Thy Kingdom Come, Thy Will Be Done,
On Earth As it Is in Heaven. Give Us This Day Our Daily Bread. Forgive Us Our Trespasses As We Forgive Those
Who Have Trespassed Against Us. Lead Us Not Into Temptation But Deliver Us From…
When I come to this word, I notice not so much the word itself, but the words that aren’t there. Notice that there is nothing between the words from and evil. It’s not “deliver us from stuff that is evil,” or “deliver us from situations where evilness might occur.” Deliver us from evil. The word that follows from is in the singular, and is unadorned with adjectives or qualifiers.
For me, this evokes thoughts of the personal nature of evil.
The Catechism tells us:
In this petition, evil is not an abstraction, but refers to a person, Satan, the Evil One, the angel who opposes God. The devil (dia-bolos) is the one who “throws himself across” God’s plan and his work of salvation accomplished in Christ.

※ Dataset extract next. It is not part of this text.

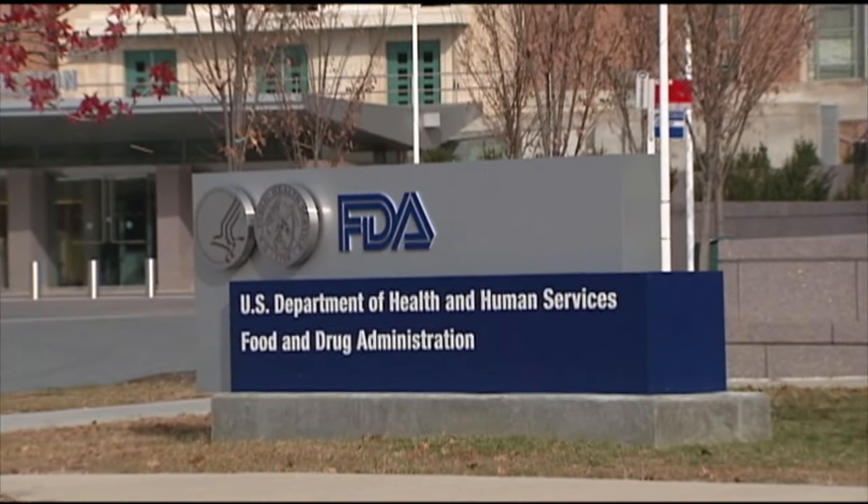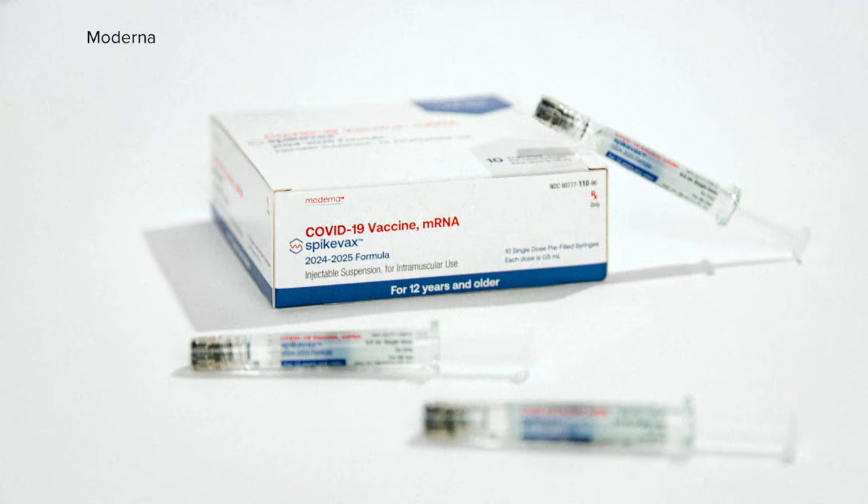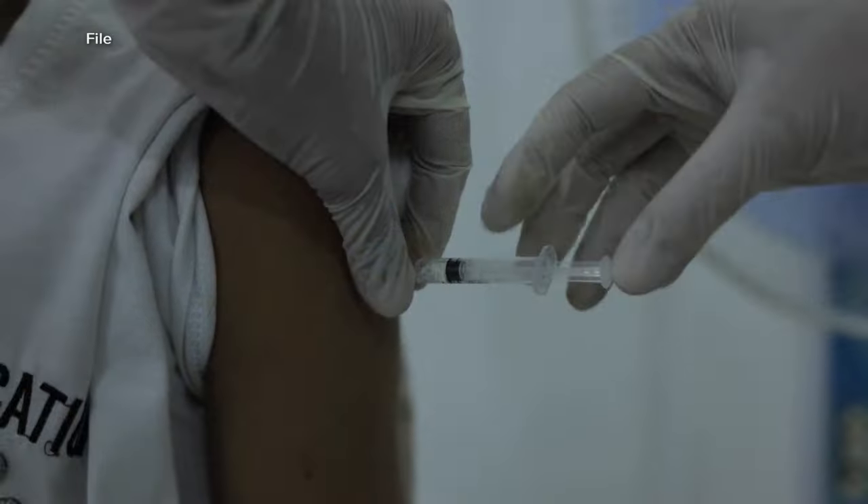The FDA is giving the green light for updated COVID vaccines from Pfizer and Moderna, which have been designed to better protect against the current circulating variants of the virus.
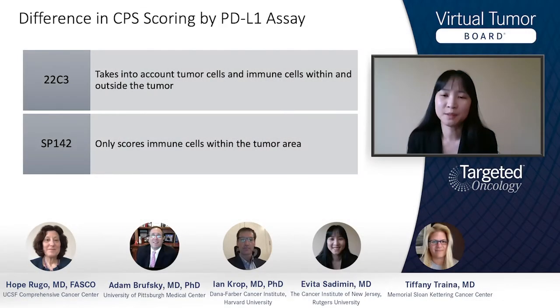There is discussion about subjectivity in scoring — detecting 1% positivity can vary a lot between observers. While it is definitely subjective, there is a methodical approach to scoring specimens, and different clones have different scoring methods. For 22C3, the combined positive score (CPS) is used, accounting for tumor cells and immune cells within and outside the tumor. For SP-142, only the immune cells within the tumor area are scored.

One of the biggest ways in which my conversion to Christianity has assisted me in terms of practical, day-to-day living is that I now understand the reality of spiritual warfare. Back when I was an atheist I felt the blows and the injuries, but didn’t know where they came from. I had no idea that I was standing on a battlefield.

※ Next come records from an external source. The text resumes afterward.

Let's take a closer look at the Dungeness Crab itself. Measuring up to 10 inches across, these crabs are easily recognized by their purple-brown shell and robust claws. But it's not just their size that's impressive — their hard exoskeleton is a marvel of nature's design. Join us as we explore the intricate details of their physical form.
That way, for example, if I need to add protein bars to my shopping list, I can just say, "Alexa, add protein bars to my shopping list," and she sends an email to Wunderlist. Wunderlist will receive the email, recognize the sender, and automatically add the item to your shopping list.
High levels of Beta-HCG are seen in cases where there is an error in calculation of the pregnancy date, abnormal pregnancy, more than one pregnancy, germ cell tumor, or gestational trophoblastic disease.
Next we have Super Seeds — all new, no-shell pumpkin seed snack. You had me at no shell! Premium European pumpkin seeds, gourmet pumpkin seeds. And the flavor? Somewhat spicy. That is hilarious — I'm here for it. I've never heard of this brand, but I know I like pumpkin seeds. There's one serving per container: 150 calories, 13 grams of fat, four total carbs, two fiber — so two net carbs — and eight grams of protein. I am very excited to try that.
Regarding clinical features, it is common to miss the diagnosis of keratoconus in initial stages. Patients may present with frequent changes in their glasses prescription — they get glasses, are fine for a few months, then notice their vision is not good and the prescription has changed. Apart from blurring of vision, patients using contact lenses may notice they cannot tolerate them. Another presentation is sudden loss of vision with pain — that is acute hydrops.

Through the wisdom of the Church, I’ve learned how to recognize many of the techniques of the enemy; I’ve come to understand how to protect myself from his attacks; and I’ve been given the armor to keep me safe from his weapons. And if I could distill everything I’ve learned down to the single most important thing to know, it would be this:
Never forget that evil is personal.
Even within mainstream Christianity, there’s a tendency to discount the devil as an intelligent being, to think of evil as an impersonal force, like an earthquake or a lightning strike. But evil is not a disinterested phenomenon. As odd as it sounds to modern ears, the truth is that devil and his demons are smart — smarter than we are — and they tailor their plans of attack to each individual. They have a special plan, just for you; they’ll use different techniques for you than they do to try keep your neighbor or your brother or me away from God. And the stakes are high, since they aim to kill not only our physical bodies, but our eternal souls as well.

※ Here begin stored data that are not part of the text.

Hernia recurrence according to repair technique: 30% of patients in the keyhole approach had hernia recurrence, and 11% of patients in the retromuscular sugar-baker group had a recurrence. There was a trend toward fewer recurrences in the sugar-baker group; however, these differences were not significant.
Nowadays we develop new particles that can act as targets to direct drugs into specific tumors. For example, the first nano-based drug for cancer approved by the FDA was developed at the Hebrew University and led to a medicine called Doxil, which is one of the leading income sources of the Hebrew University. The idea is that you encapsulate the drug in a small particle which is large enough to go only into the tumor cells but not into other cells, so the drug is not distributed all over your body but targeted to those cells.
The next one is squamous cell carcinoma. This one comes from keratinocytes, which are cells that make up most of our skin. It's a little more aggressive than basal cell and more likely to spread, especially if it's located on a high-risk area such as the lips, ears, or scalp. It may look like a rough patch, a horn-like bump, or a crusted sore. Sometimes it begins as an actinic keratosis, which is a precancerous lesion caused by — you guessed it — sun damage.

When you think about the enemy we’re up against, consider his intelligence, and the endless energy he has to put toward conquering in this winner-takes-all game, it fills you with a renewed understanding of just how dependent we are on God’s grace. It makes you realize with trembling that this is a battle that we simply cannot fight alone. And so we speak these last words of the Our Father with great urgency, as we beg the only One who can save us, Deliver us from evil.